Single by Cecilia Vennersten
- Released: 1995
- Songwriters: Nanne Grönvall Peter Grönvall Maria Rådsten

= Det vackraste =

"Det vackraste" (lit. "The Most Beautiful Thing" eng. "Living in a Dream") is a Swedish love song. It was originally sung by Swedish pop singer Cecilia Vennersten and finished second in the Melodifestivalen 1995, the Swedish selections for Eurovision Song Contest. The song was released as a single and stayed 47 weeks in the Swedish singles chart total, including seven weeks at number-one. It also stayed at Svensktoppen for 26 weeks during the period 29 April-21 October 1995, with 3rd place as best result there. The song was awarded a Swedish Grammy Award, Grammis, for Best Song of 1995. In Norway, "Det vackraste" peaked at number 2.

The song is written by Nanne Grönvall, Peter Grönvall and Maria Rådsten.

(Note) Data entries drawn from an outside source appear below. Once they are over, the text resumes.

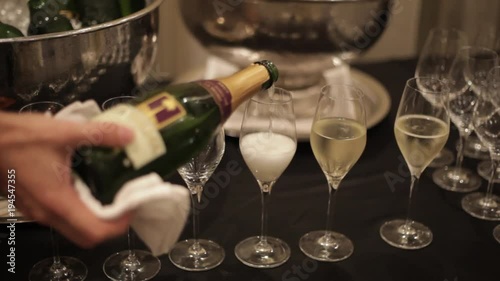 Bartender serving sparkling wine, champagne
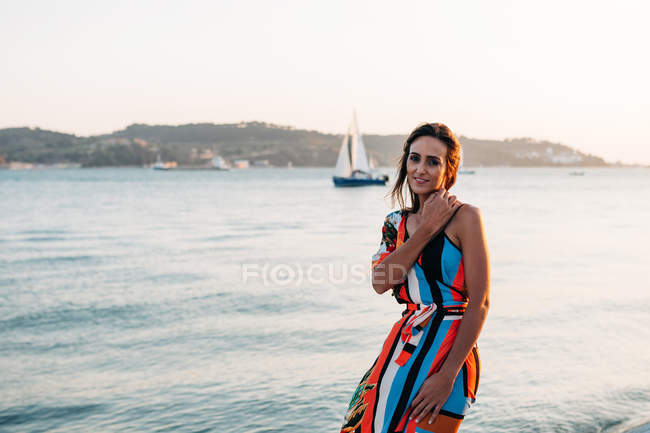 Содержательная женщина в длинном платье, стоящая на берегу на закате против моря — стоковое фото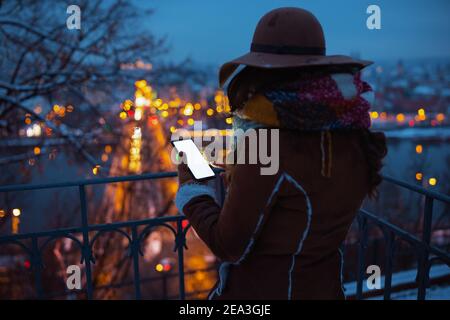 Vue de derrière une femme d'âge moyen dans un chapeau et une écharpe marron dehors dans le parc de la ville en hiver en manteau de peau de mouton en utilisant des applications de smartphone la nuit. Banque D'Images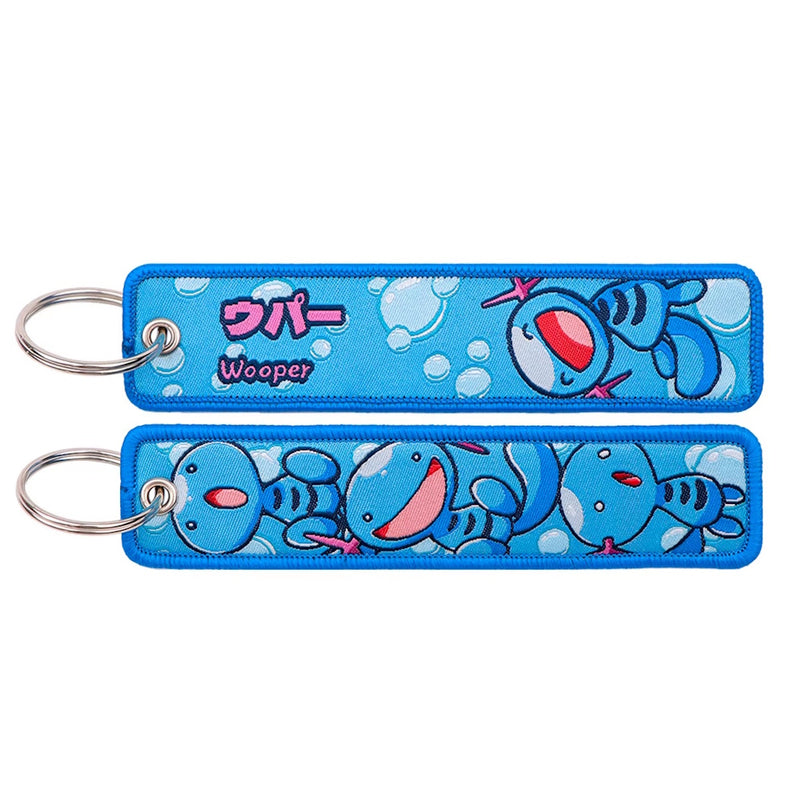 Back side view of Wooper embroidered keytag showing detailed stitching and fabric border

They also form the pop group One More Time, and they recorded the song with English lyrics in 1997, called "Living in a Dream".

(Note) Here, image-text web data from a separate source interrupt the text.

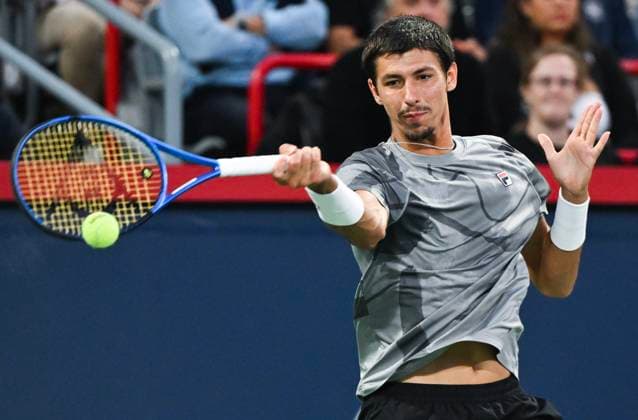 August 12, 2024, Montreal, Pq, Canada: Alexei Popyrin, of Australia, plays a shot to Andrey Rublev, of Russia, during the final of the National Bank Open men s tennis tournament in Montreal, Monday, Aug. 12, 2024. Alexei Popyrin, Andrey Rublev, - ZUMAc35_ 20240812_zaf_c35_132 Copyright: xGrahamxHughesx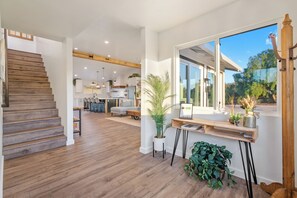 A modern interior with a wooden staircase, a kitchen area, and a large window with a view.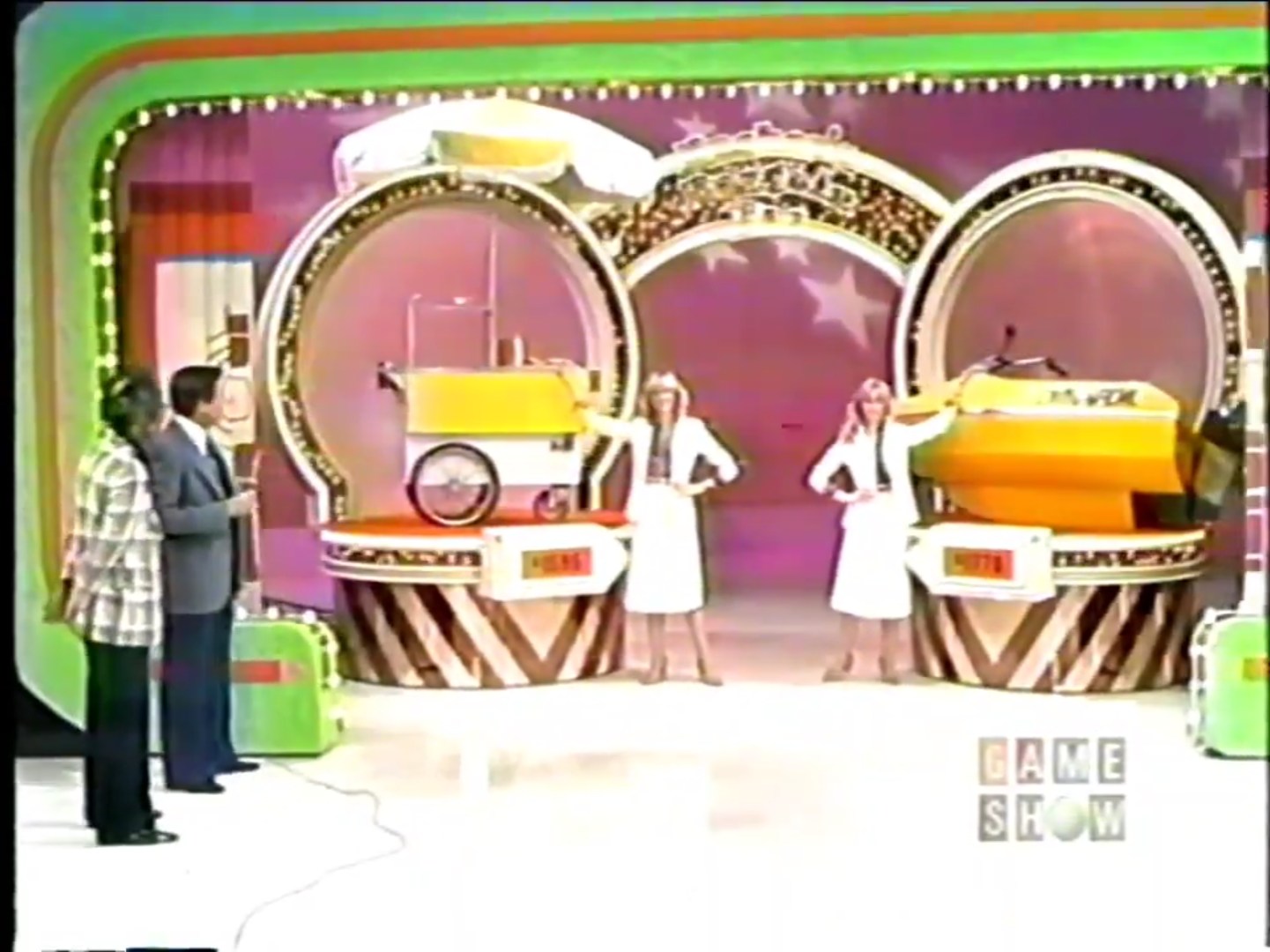 Two prizes displayed on a game show stage, featuring a hot dog cart on the left and a cycle boat on the right, with two hostesses presenting them.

In 1999, Belgian artist Dana Winner recorded another English version of the song, now named "I'll Sing a Song Today", about nature.

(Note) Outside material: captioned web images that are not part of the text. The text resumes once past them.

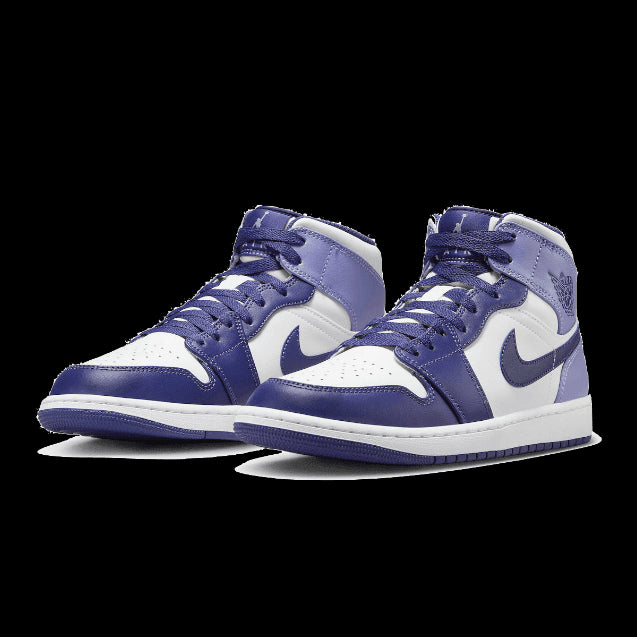 Paarse Nike Air Jordan 1 Mid Blueberry sneakers op groene achtergrond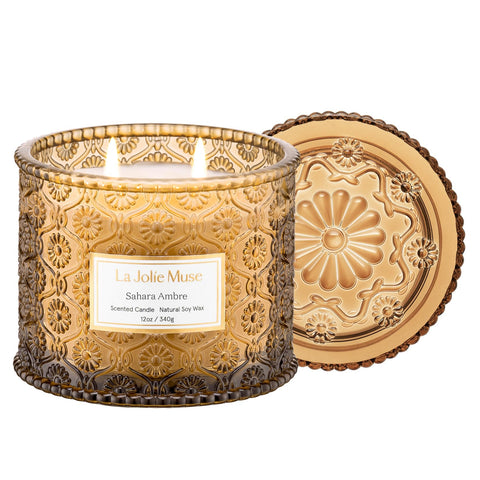 LA JOLIE MUSE Sahara Amber Candle in embossed daisy jar adds elegant decor and scent.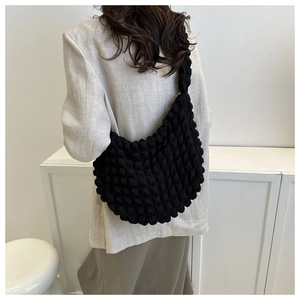 Detail of black popcorn textured cloud bag showing the unique bubble fabric on a model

In 2005, ten years after the original performance by Cecilia Vennersten, a cover version of the original lyrics was recorded by Swedish dansband and schlager singer Lotta Engberg on her album Kvinna & man.

==Chart==

===Weekly charts===

| Chart (1995–1996) | Peak position |
|---|---|
| Europe (Eurochart Hot 100) | 40 |
| Norway (VG-lista) | 2 |
| Sweden (Sverigetopplistan) | 1 |

===Year-end charts===

| Chart (1995) | Position |
|---|---|
| Sweden (Topplistan) | 3 |

==Certifications==

| Region | Certification | Certified units/sales |
| Sweden (GLF) | Platinum | 50,000^{^} |
^{^} Shipments figures based on certification alone.